The anti-land acquisition movement threatened and then killed the Nano project. It also produced a spectacular political revival of the Opposition, led by the Trinamool Congress and its leader Mamata Banerjee. The contested land located on the Durgapur Expressway is now a series of sheds awaiting the onset of corrosion. Beside the contested land other sheds too seem to be similarly unemployed. The traffic on the expressway is lighter. The numbers of trucks trundling along are fewer, and far fewer of them are waiting to move either up or down the road. Instead of hectic movement, if the Nano plant had survived the politics of West Bengal, there is a sluggish movement of goods. The toll gates look underused and there are fewer police manning them, because the traffic is light.

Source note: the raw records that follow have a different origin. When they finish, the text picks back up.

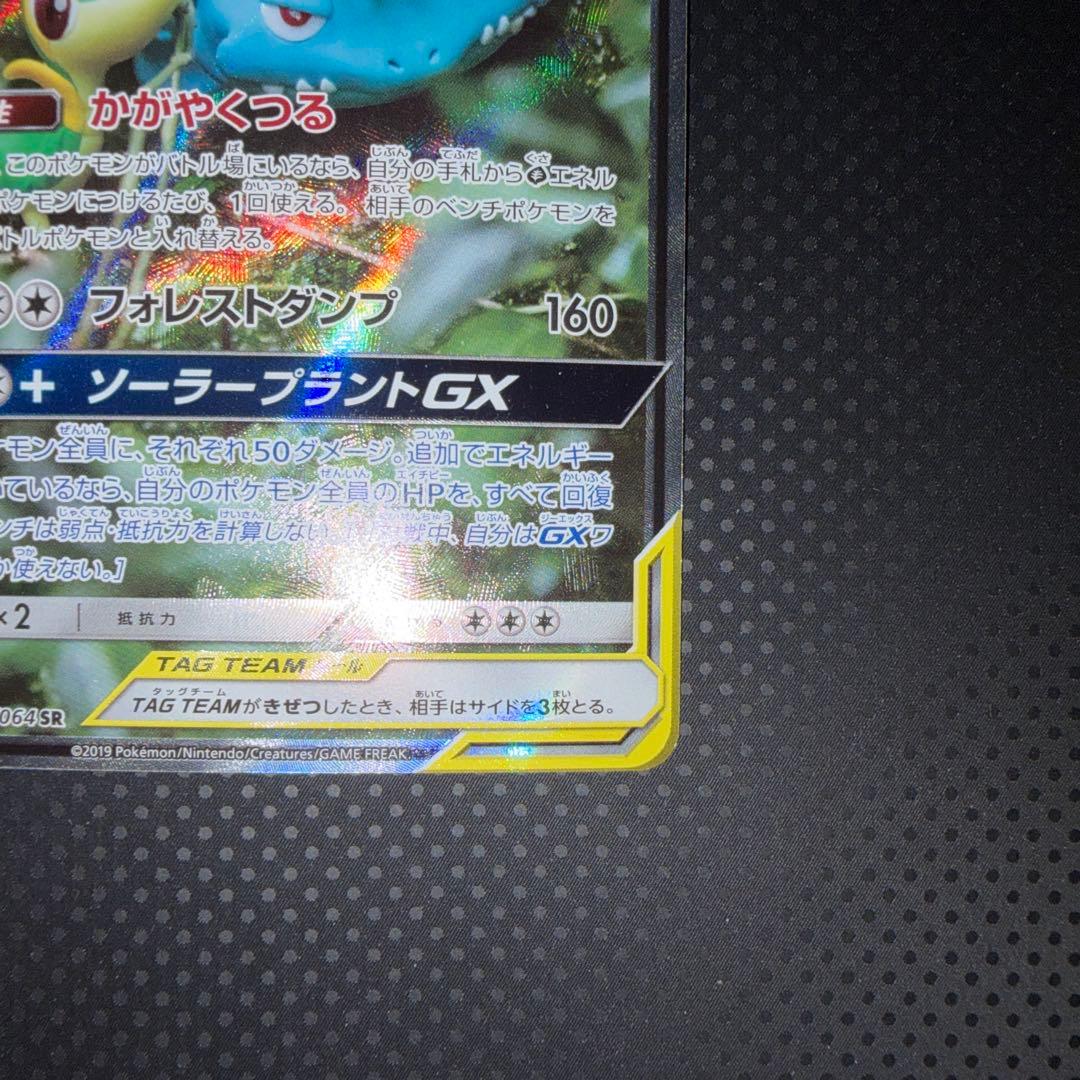 美品 フシギバナ＆ツタージャGX かがやくつる SR SA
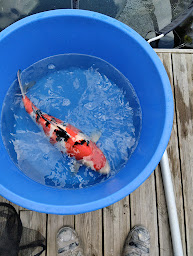 Photo n°20 de Koi addict à Rimling ()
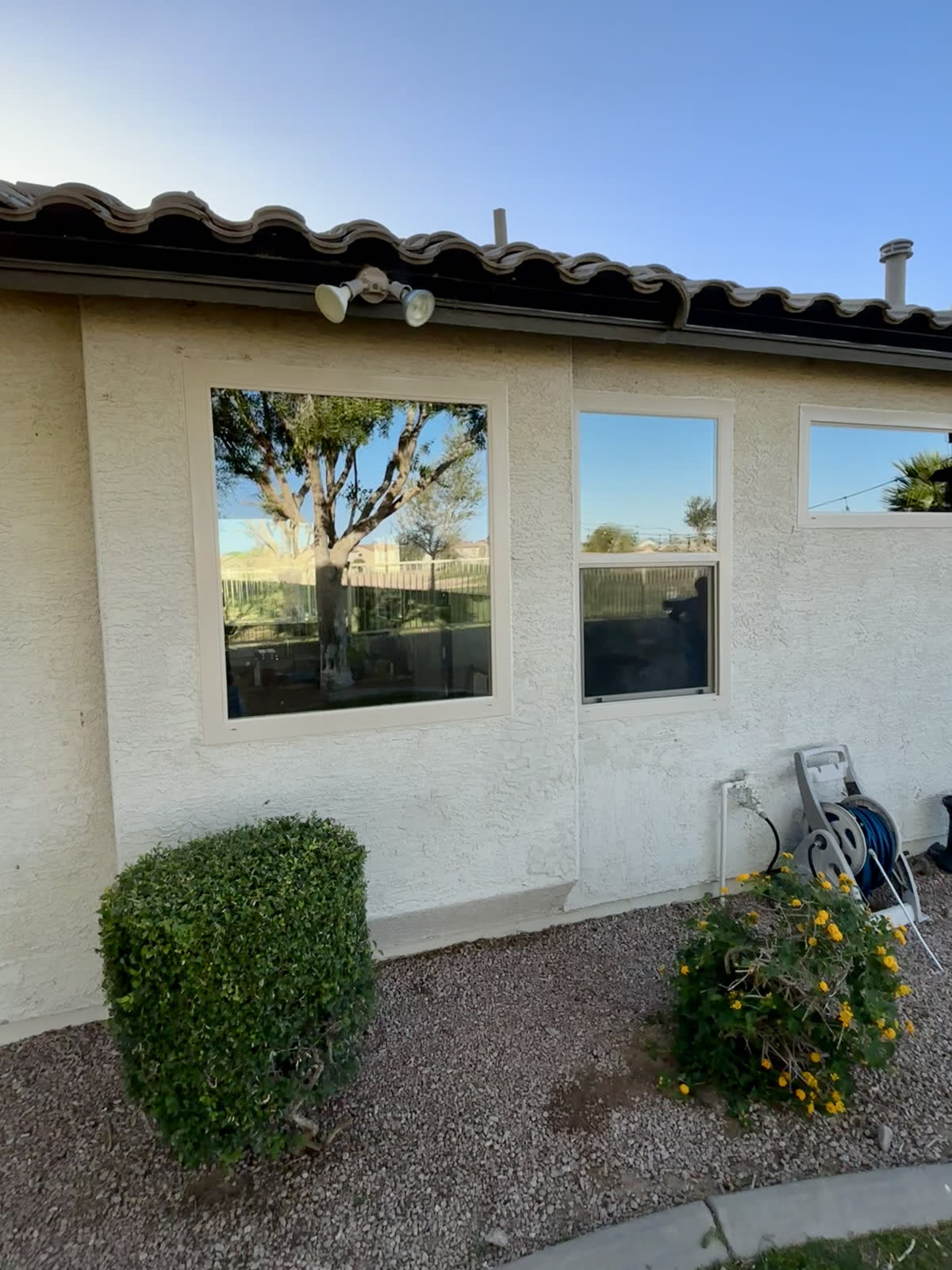 Almond Windows Installation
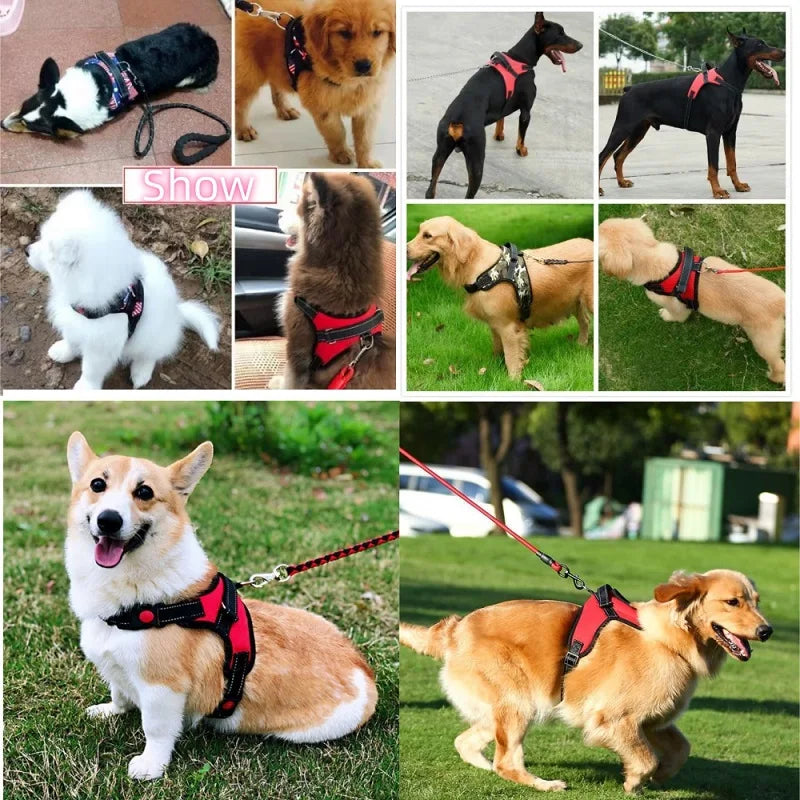 Imbracatura per Cani Vest Taglie S M L - Nylon Riflettente, Chiusura Lampo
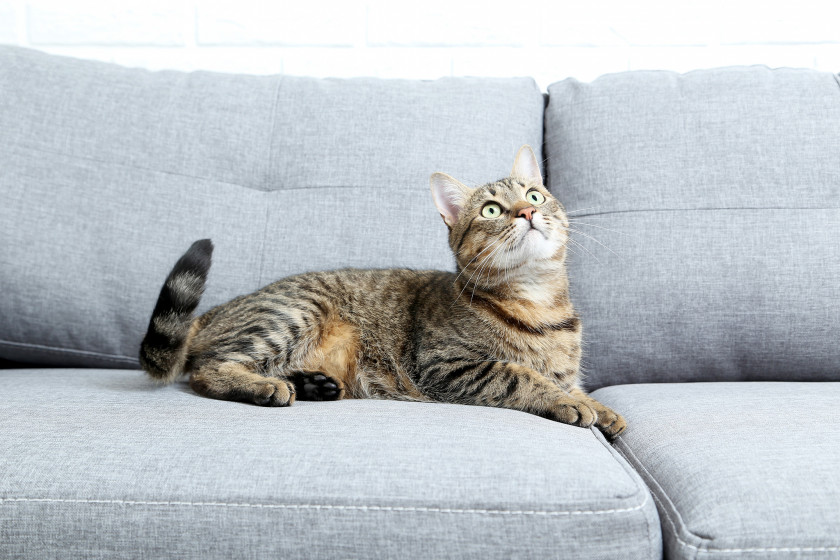 Katze auf einem grauen Sofa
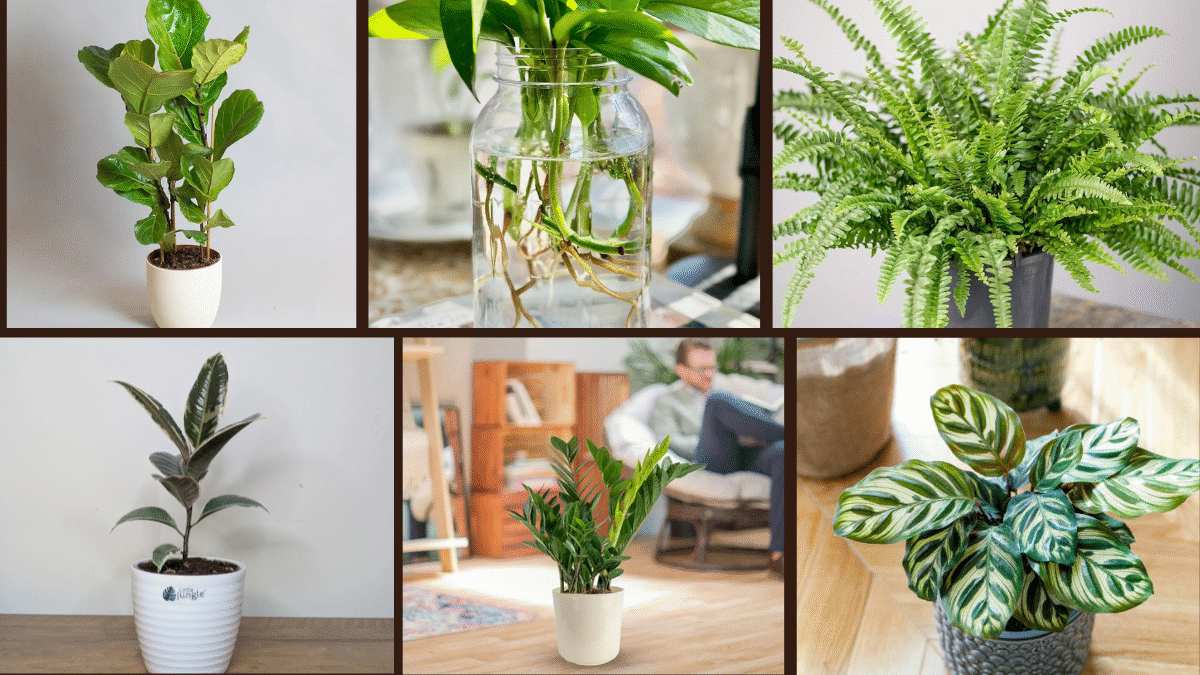 7 Indoor Plant Ideas for a Natural Home Look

And now there are the Maoists. Even if the Maoists are spread across some 180 odd districts of India, even if the purpose of the Centre’s crackdown on them is as Arundhati Roy claims to clear the way for international mining interests, the connection between violent ultra Left politics and West Bengal is special. The original Naxalite movement started here. The return of the Maoists is a reminder that West Bengal is an inhospitable place for investors.

Sweeping down the expressway two years ago, there was a lot of activity around Dankuni. Branded as the new Kolkata west of the original city, a township was in the making. The ugly sculpted horses on top of a gate that led from nowhere to nowhere marked the beginning of a brave new world. The horses and the gate remain, the housing project has slumped and DLF’s investment has disappeared.

The wasteland is beginning to creep back and soon West Bengal will revert to its rust belt status. All activity will be political. For those who want to or must because they need to earn a livelihood, the multiple new train connections will speed an army of low cost labour out of West Bengal. Those who get left behind will constitute the miserable proletariat, ripe for political manipulation.